In college, I once said, “I don’t know why anyone would live along an active fault line. I’ll never do it;” or something to that effect. For the first two or three years living here in Nepal, I fretted obsessively over the “big one” that was predicted and increasingly overdue. So when it hit and we all survived, it was initially a great relief. I don’t believe I was the only one to feel this. With the whole neighborhood gathered into a field by our home, a festive, celebratory atmosphere reigned. The constant large aftershocks, along with the progressively harrowing news spilling from the radio, washed away the happiness, leaving many people anxious and adrift within a sea of powerlessness. The shockwaves of the earthquake rippled deep into the psychology and spirituality of all who survived–rearranging priorities, and sense of purpose. A friend of mine noted just the other day that survivors of great widespread tragedy in retrospect often state that such times were in some respects extremely happy times because grudges are dropped, petty pursuits slough away, and communities bind together in love. I definitely sensed this within the neighborhood, and, indeed, it was a special and good time in respect to genuine community and human love.
We went nearly daily for a total of sixteen trips that spanned an area of 200 kilometers east to west; each trip hauling more rice, pulses, instant noodles, crackers, salt, soy protein, and tarps. We scrounged and scoured the city for tarps, on one occasion, even begging for, and being given, a plastic advertisement stretched over a billboard. Shovha was particularly good at finding connections. Friends of ours also began giving what they could–cash, foodstuffs and tarps. More than food, the villagers were desperate for tarps.
What a gift and joy it is to me I am able to spend this vastly important time with my family, serving their country men, women and children in a time of dire need. I could not have imagined a better crowning experience than to work together to help others.
So, though there was tragedy, there grew from it a tremendously happy experience, like a strong tree rising up from decay. It is my deepest prayer that our children thrive; and I think I see this happening; and it is the greatest joy. I see the generosity of our children. I see how people notice that there is something special about them. They are elected to be leaders in their classes, teams and extra activities. They are given special privileges by their employers with explanation that it is reward for good work and trustworthiness. They choose well their romantic partners. They are using their talents and time to do good.

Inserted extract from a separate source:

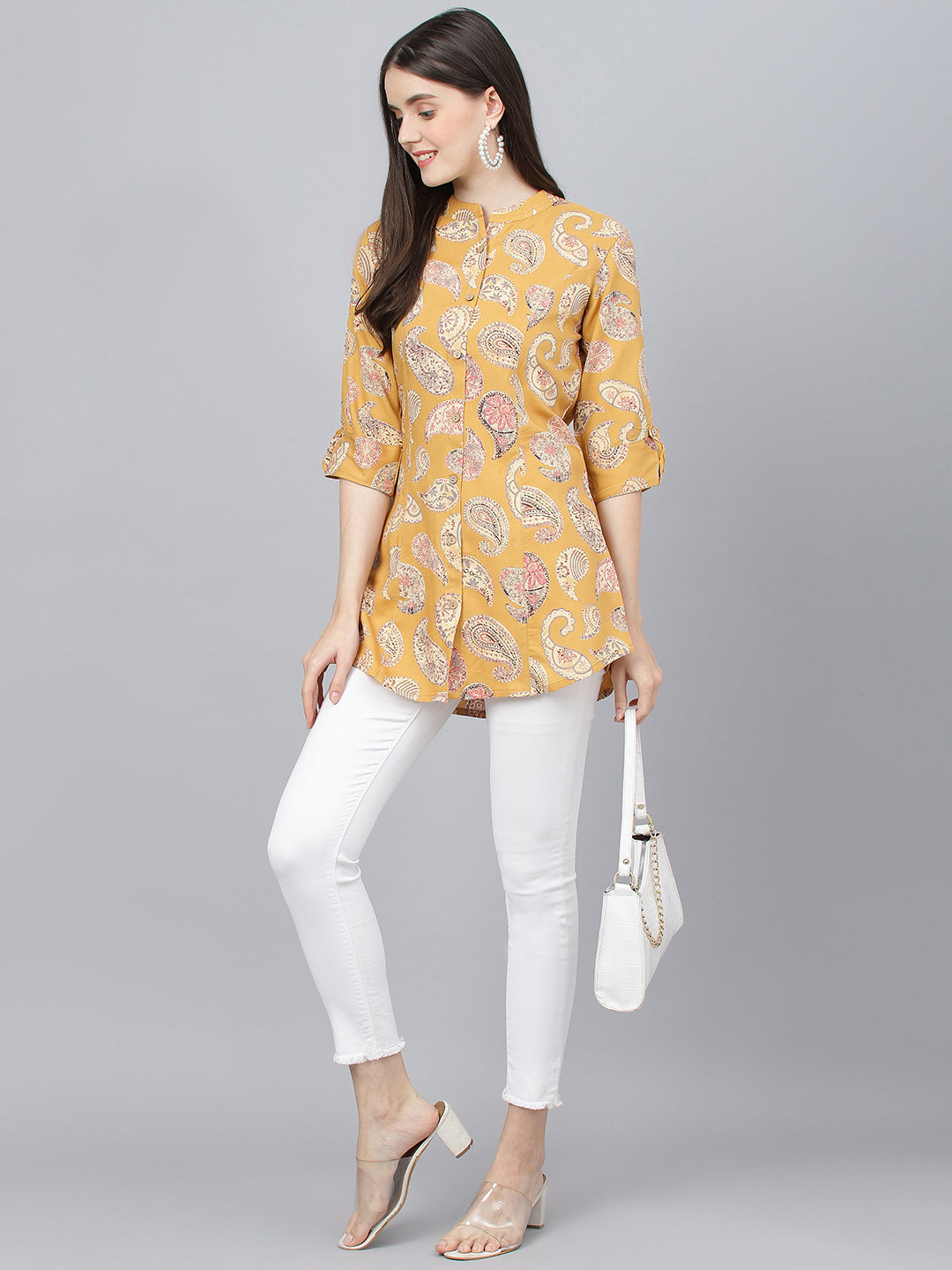 Mastard Yellow Print Mandarin Collar Roll-Up Sleeves Shirt Style Top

Are all of them doing fantastically? No; of course not. Some are struggling to find themselves and their place in a confusing world. But for all they’ve been through, they are shining brightly. And because of this, I am made glad to have lived through a war, and through an earthquake and to have suffered the stress of the first few years here in Nepal that made me feel as if my spirit had been plunged into a vat of acid and I was simply not going to make it. Indeed, I did not make it. I am not the same man I once was. And that is OK because when I look in their hearts, the hearts of Shovha’s and my children, I see love. And that is enough. That is more than enough.